12. An organic electroluminescence (OEL) device, comprising: a substrate;a first electrode, disposed on the substrate;an organic light emitting layer, disposed on the first electrode;a second electrode, disposed on the organic light emitting layer;a polymeric substrate, disposed above the second electrode, and having a first surface and a second surface, the first surface being opposite to the second electrode;a plurality of light enhanced structures, disposed on the second surface of the polymeric substrate; anda barrier layer, disposed on the first surface of the polymeric substrate or the second surface of the polymeric substrate.

13. The OEL device as claimed in claim 12, wherein the light enhanced structures and the polymeric substrate are integrated as one piece.

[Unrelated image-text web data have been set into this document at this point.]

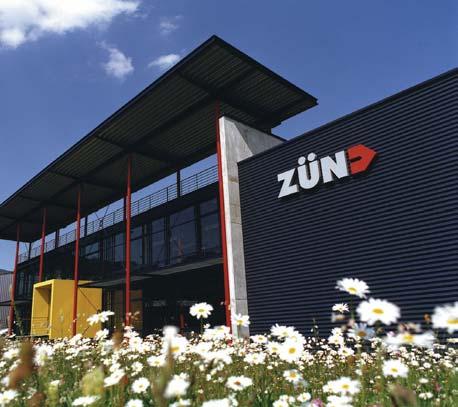 Zünd one step ahead We are always striving for new ideas and innovative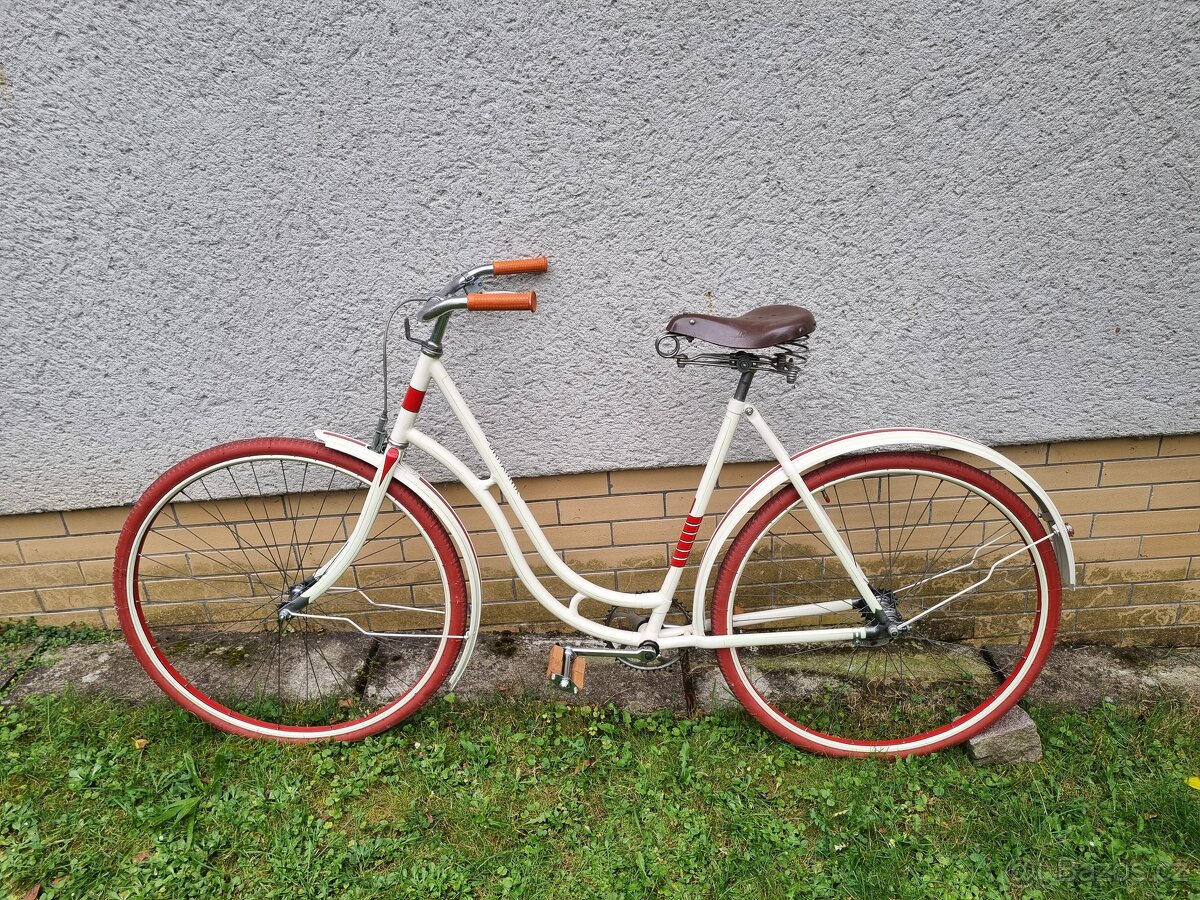 Historické kolo Premier Britania 1929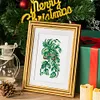 12pcs Plants DIY Mini Square Diamond Painting Set 14x18cm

14. The OEL device as claimed in claim 12, wherein when the barrier layer is disposed on the first surface, the OEL further comprises a buffer layer disposed between the barrier layer and the second electrode.

15. The OEL device as claimed in claim 14, wherein the material of the buffer layer is one selected from among oxide, nitride, photo-resist, epoxy, parylene and the combination thereof.

16. The OEL device as claimed in claim 12, wherein when the barrier layer is disposed on the second surface and covers the light enhanced structures, the polymeric substrate is located on the second electrode.

17. The OEL device as claimed in claim 12, wherein when the barrier layer is disposed on the second surface and covers the light enhanced structures, the OEL further comprises a buffer layer disposed between the polymeric substrate and the second electrode.

18. The OEL device as claimed in claim 17, wherein the material of the buffer layer is one selected from among oxide, nitride, photo-resist, epoxy, parylene and the combination thereof.

19. The OEL device as claimed in claim 12, wherein the material of the barrier layer is one selected from among oxide, nitride, photo-resist, epoxy, parylene and the combination thereof.

20. The OEL device as claimed in claim 12, wherein the material of the polymeric substrate comprises a moldable polymeric material.

21. The OEL device as claimed in claim 12, wherein the material of the polymeric substrate is one selected from among polymethyl methacrylate (PMMA, acrylic), polydimethylsiloxane (PDMS), polyimide, poly carbonate (PC), polystyrene (PS), polyethylene terephthalate (PET) and the combination thereof.

22. The OEL device as claimed in claim 12, further comprising a sealant wrapping the organic light emitting layer.

23. The OEL device as claimed in claim 12, wherein the material of the first electrode comprises metal.

24. The OEL device as claimed in claim 12, wherein the material of the second electrode comprises the transparent conductive material.

25. The OEL device as claimed in claim 24, wherein the transparent conductive material comprises indium tin oxide (ITO), indium zinc oxide (IZO), or thin-metal with the thickness in nano-scale.